Can OracleAS Web Cache be used as a reverse proxy?

Yes. OracleAS Web Cache is a reverse proxy cache.

How does OracleAS Web Cache support server load balancing and failover?

OracleAS Web Cache uniquely combines caching and load balancing in a single offering. Logically deployed between browser client and a Web server farm, OracleAS Web Cache intercepts all HTTP and HTTPS requests sent to the Web site and responds with a cached page if there is a valid version in the cache. All cache misses, whether cacheable or non-cacheable, are passed to the origin Web servers on the back-end. OracleAS Web Cache distributes these requests according to the relative capacity of each Web server. Web server capacity is configured by the OracleAS Web Cache administrator. Just as network load balancers do, OracleAS Web Cache can determine when a Web server has failed and then automatically redistribute the load over the remaining servers. When a Web server failure occurs, the cache periodically checks to see if the failed Web server has returned to a functional state and is capable of serving dynamically generated content. Layer 7 status checking, as this mechanism is called, not only verifies the health of the Web server, but also that of the application logic, database, and other repositories used to store and create content. As soon as the failed server returns to operation, OracleAS Web Cache will once again include it in the distribution mix.

Does OracleAS Web Cache support server affinity for applications that require stateful load balancing?

Yes. When required, OracleAS Web Cache guarantees the integrity of transactions, such as shopping cart purchases, by using cookies and session IDs for persistent, or "sticky", connections to Web servers.

Can OracleAS Web Cache be used as just a load balancer?

Yes. You can configure OracleAS Web Cache to distribute requests over origin Web servers without caching any responses. Of course, the bigger value in terms of ROI comes when you start caching, compressing, and assembling dynamically generated content.

Can OracleAS Web Cache be used without a 3rd-party network load balancer?

Yes. Many customers run a single instance of OracleAS Web Cache without a 3rd-party network load balancer. For these customers, the cache's excellent stability combined with its auto-restart functionality provides adequate system availability. Nevertheless, Oracle recommends that customers run OracleAS Web Cache "behind" a hardware load balancer in order to avoid a single point of failure. Customers wishing to avoid the use of an external load balancer can take advantage of high availability features built into the host operating system (for example, the virtual IP, load distribution, and failover functionality of the Network Load Balancer service for the Microsoft Windows platform).

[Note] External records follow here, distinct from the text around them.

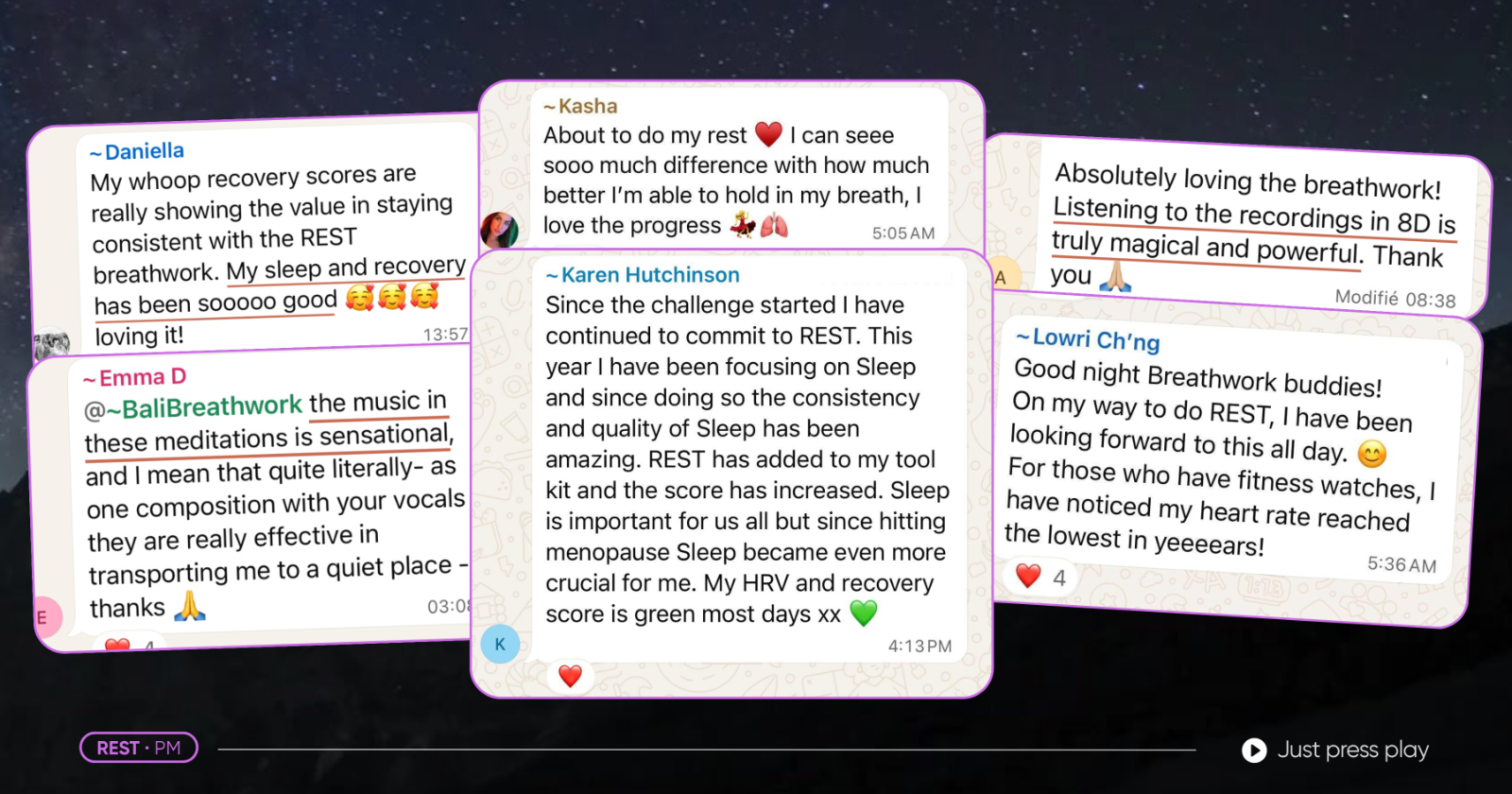 Real WhatsApp messages from the breathwork group about REST — WHOOP, HRV and sleep results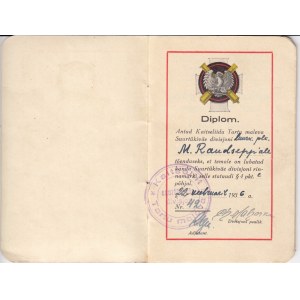 Estonia document 1936 for Badge: Tartu maleva Suurtükiväe divisjon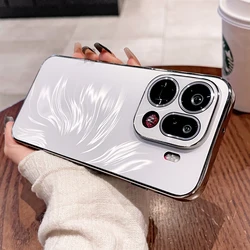 OPPO Find X9 Pro Case with Laser Camera Protection and Matte Gradient Feather Design - Shockproof Hard Back Cover for OPPO Find X9 Pro (White)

Does OracleAS Web Cache support connection pooling?

Yes. The cache maintains a connection pool between itself and the origin Web servers for faster update transactions and retrieval of new or changed content.

Does OracleAS Web Cache support virtual hosting?

Yes. Refer to OracleAS Web Cache Administrator's Guide on the configuration details.

What are surge protection and performance assurance?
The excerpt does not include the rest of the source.